- WHAT NEEDS TO BE DONE -
Copy all lines below exactly as written. Leave pictures out.

- DATASET CONTENT -

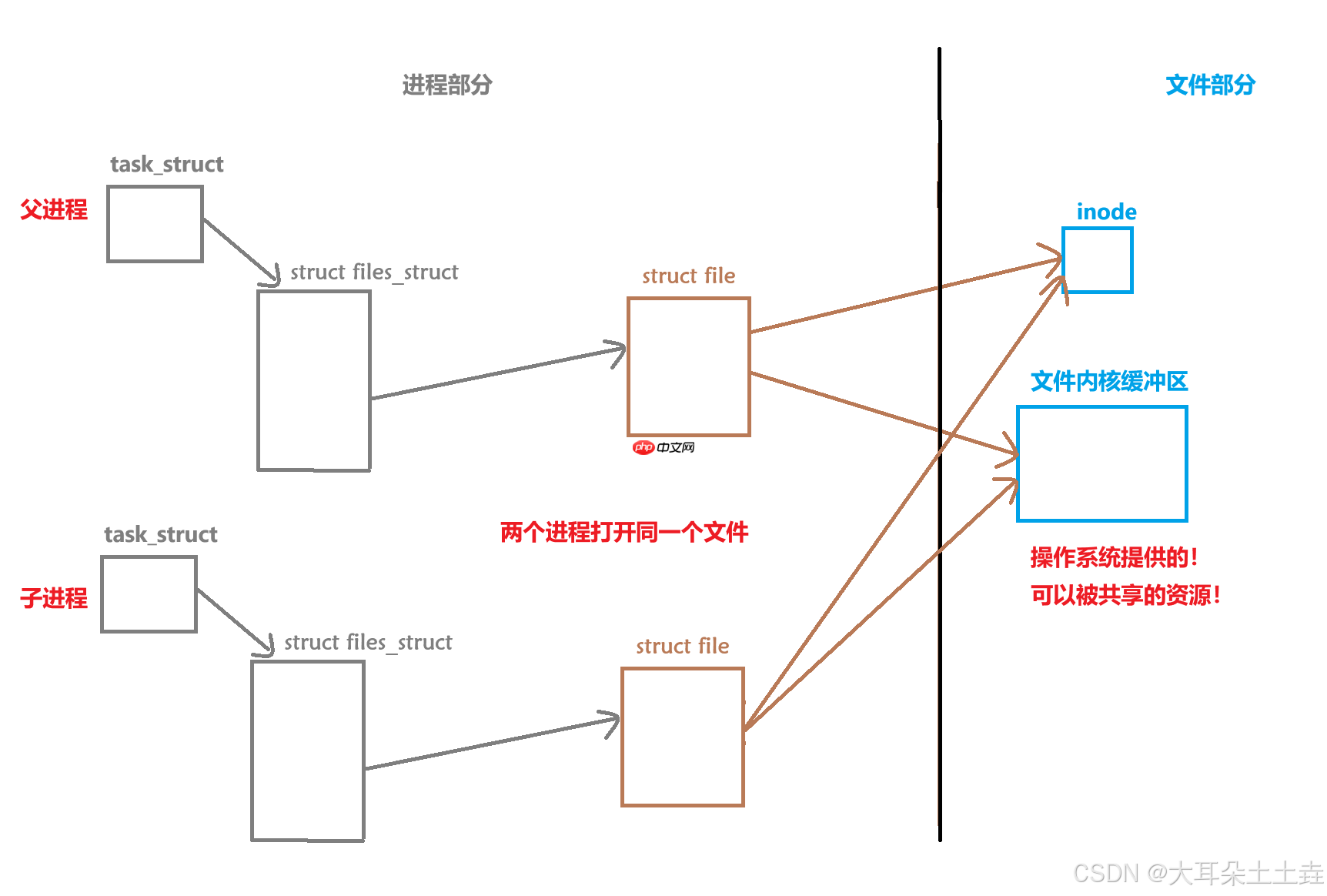 【Linux】进程间通信——匿名管道
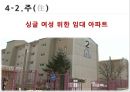 싱글족,여성싱글,싱글족과소비,싱글족현황,세계및국내싱글족 31페이지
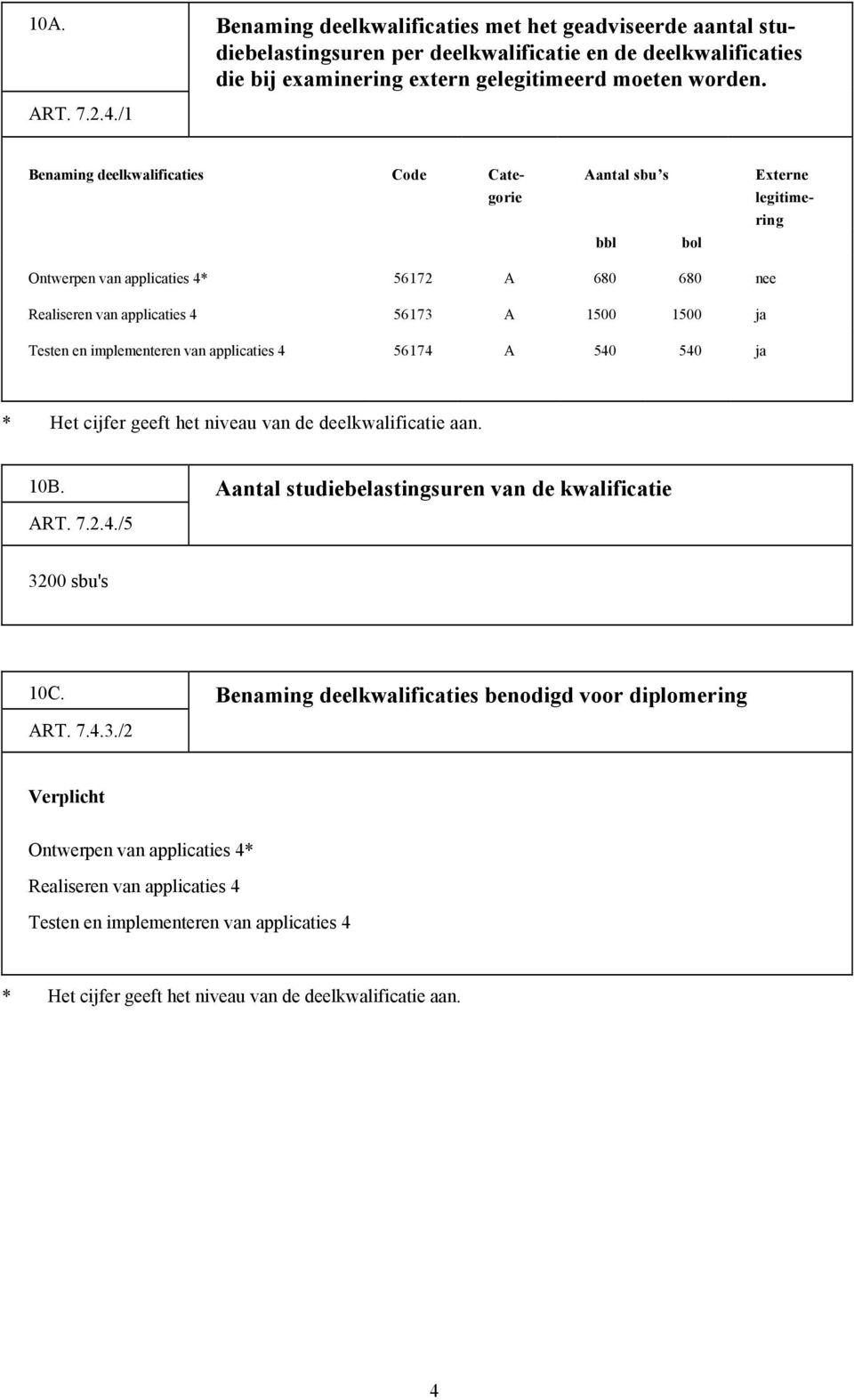 implementeren van applicaties 4 56174 A 540 540 ja * Het cijfer geeft het niveau van de deelkwalificatie aan. 10B. Aantal studiebelastingsuren van de kwalificatie ART. 7.2.4./5 3200 sbu's 10C.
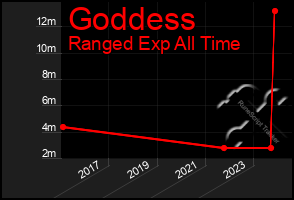 Total Graph of Goddess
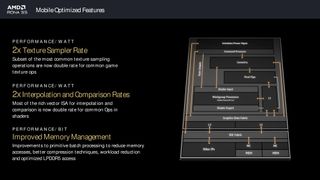 AMD Ryzen 9000 Series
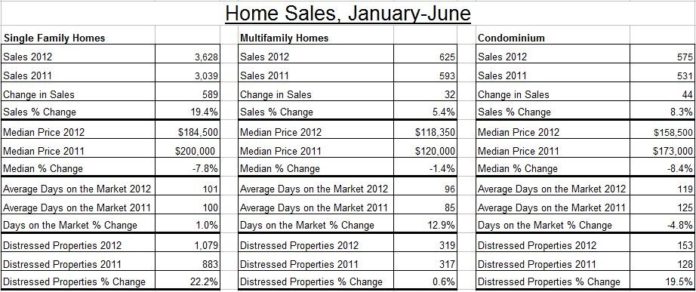 THE FIRST SIX MONTHS OF 2012 saw home sales increase in Rhode Island, as at the same time, home prices fell and distressed sales remained constant. For a larger version of this chart, click <a href=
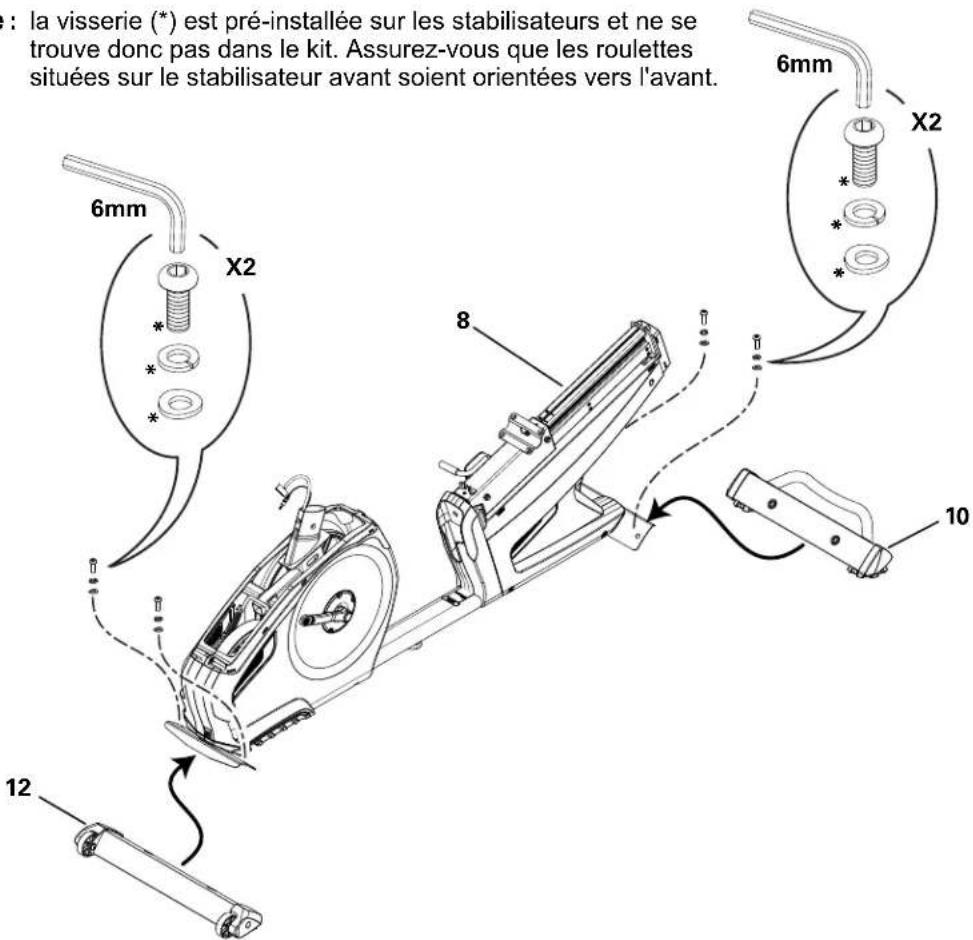 Nautilus R626 - 1a. Arrímez les stabilisateurs au châtessis - 1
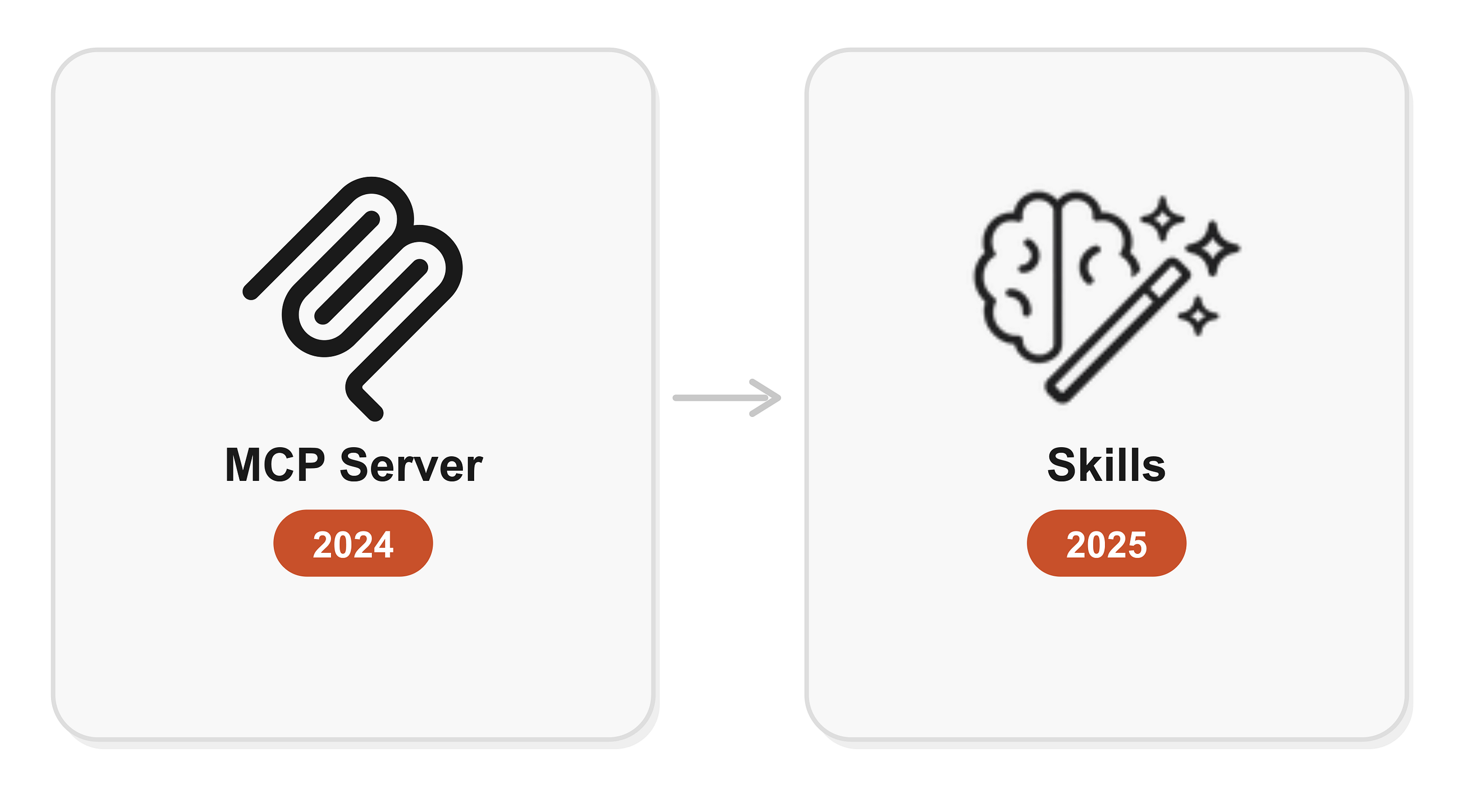Write Once, Run Anywhere: How Agent Skills Work Behind the Scenes and Where Adoption Stands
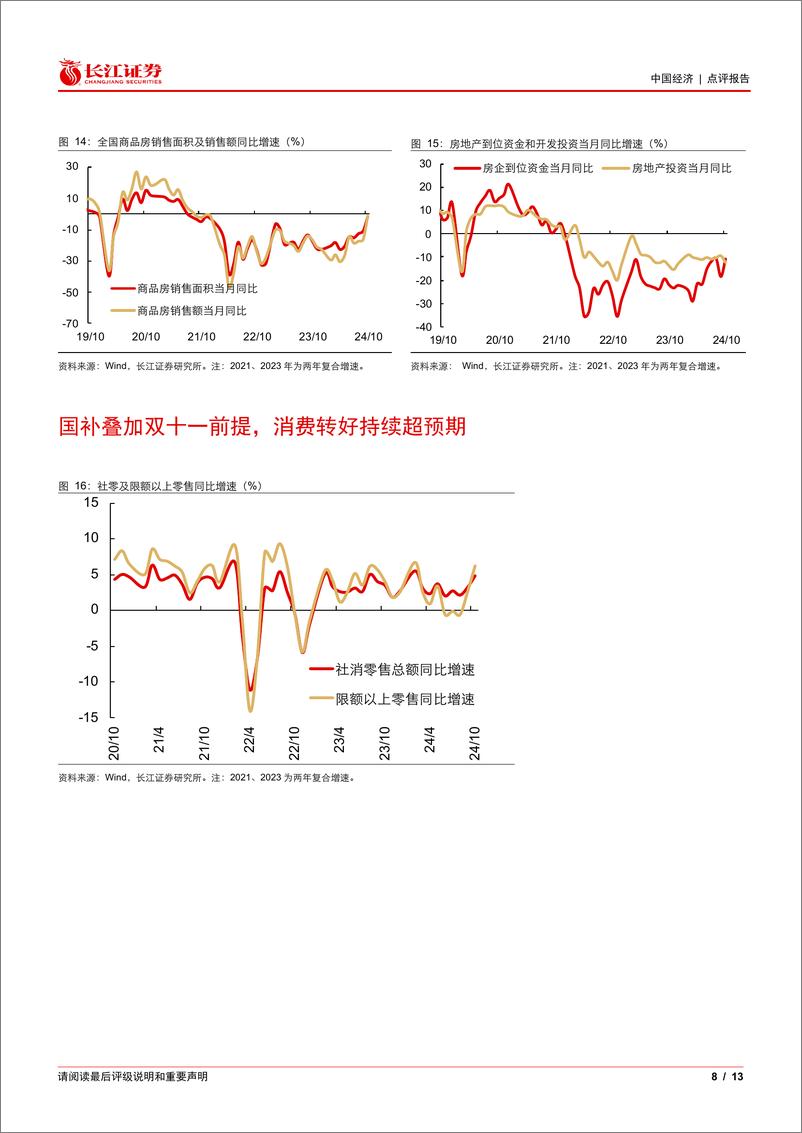 《10月经济数据点评：增长缓爬坡，政策犹可期-241115-长江证券-13页》 - 第8页预览图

- RESULT OF THIS TASK -
 【Linux】进程间通信——匿名管道
 싱글족,여성싱글,싱글족과소비,싱글족현황,세계및국내싱글족 31페이지
 implementeren van applicaties 4 56174 A 540 540 ja * Het cijfer geeft het niveau van de deelkwalificatie aan. 10B. Aantal studiebelastingsuren van de kwalificatie ART. 7.2.4./5 3200 sbu's 10C.
 Total Graph of Goddess
 AMD Ryzen 9000 Series
 THE FIRST SIX MONTHS OF 2012 saw home sales increase in Rhode Island, as at the same time, home prices fell and distressed sales remained constant. For a larger version of this chart, click <a href=
 Nautilus R626 - 1a. Arrímez les stabilisateurs au châtessis - 1
Write Once, Run Anywhere: How Agent Skills Work Behind the Scenes and Where Adoption Stands
 《10月经济数据点评：增长缓爬坡，政策犹可期-241115-长江证券-13页》 - 第8页预览图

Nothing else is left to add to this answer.